Martin Pool's blog

Some thoughts on arch security

GNU Arch has some pretty powerful and novel security properties for a version control system.

I have been helping maintain cvs.samba.org for a few years, so perhaps I have a pretty good idea, at least from the perspective of people doing open source or distributed development.

The word "security" means different things to different people. Some organizations, for example, would like to make sure that unauthorized persons don't see the source code, or even that developers who are allowed to see one part can't see another part. Others might want to make sure that any changes which are committed pass all the appropriate reviews and quality checks. I think Arch could probably do a pretty good job in helping with that, but they're not really the facet of security that I want to write about tonight.
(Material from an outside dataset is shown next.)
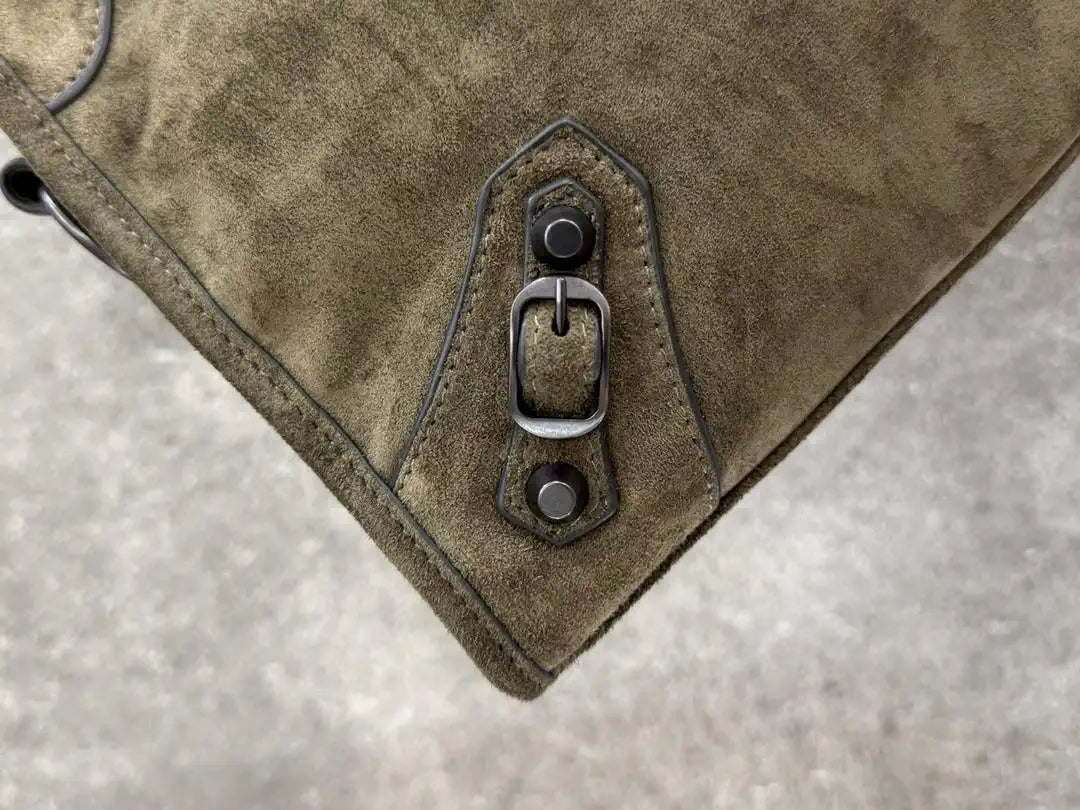 Balenciaga 8414582 Women Le City First Bag in Green Suede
What I am concerned with is that in recent years there have been quite a few criminal intrusions into development systems. Somebody tried to get a change into the Linux kernel source through the bitkeeper-cvs gateway. Somebody had a trojan installed on the machine of a senior developer at Valve software. Someone else got part of the Windows source code through compromising a developer's machine. Even if the source is not confidential the risk of unauthorized changes can be enormously disruptive.

CVS and Subversion are both commonly operated by free software projects in this mode: developers have SSH access to the server, and everyone else has anonymous read access.
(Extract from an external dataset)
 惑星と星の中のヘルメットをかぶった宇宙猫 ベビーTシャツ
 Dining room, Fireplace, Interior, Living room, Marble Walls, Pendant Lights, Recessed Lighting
It was originally planned that Subversion would run as an Apache 2 module using SSL and Apache authentication, so that there would be no need for developers to have local accounts. For various reasons this turned out to be pretty unpopular, and my impression is that almost all free software projects are using svn+ssh.
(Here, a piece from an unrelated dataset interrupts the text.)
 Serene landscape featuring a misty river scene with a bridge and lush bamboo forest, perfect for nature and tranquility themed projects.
CVS, Subversion and co require a special server process both for committers and anonymous users. Arch does not: archives can be published just as read-only directories on a web or ftp server. This is a good thing: one less program to worry about, one less listening port. You can use whatever web server you think is least likely to be compromised.

Using SSH as a transport is one of my favourite Unix design patterns, and it is certainly much better than each SCM system inventing its own authentication protocol. But it does have several problems. Firstly, you need to be able to create Unix accounts for contributors. This has been a method of entry for attackers on open source projects before. Administrators can try to limit which commands can run, but there is a risk that contributors might break out of such a jail. On an older project, many dormant contributors may still have shell accounts, and these remain a possibility of intrusion.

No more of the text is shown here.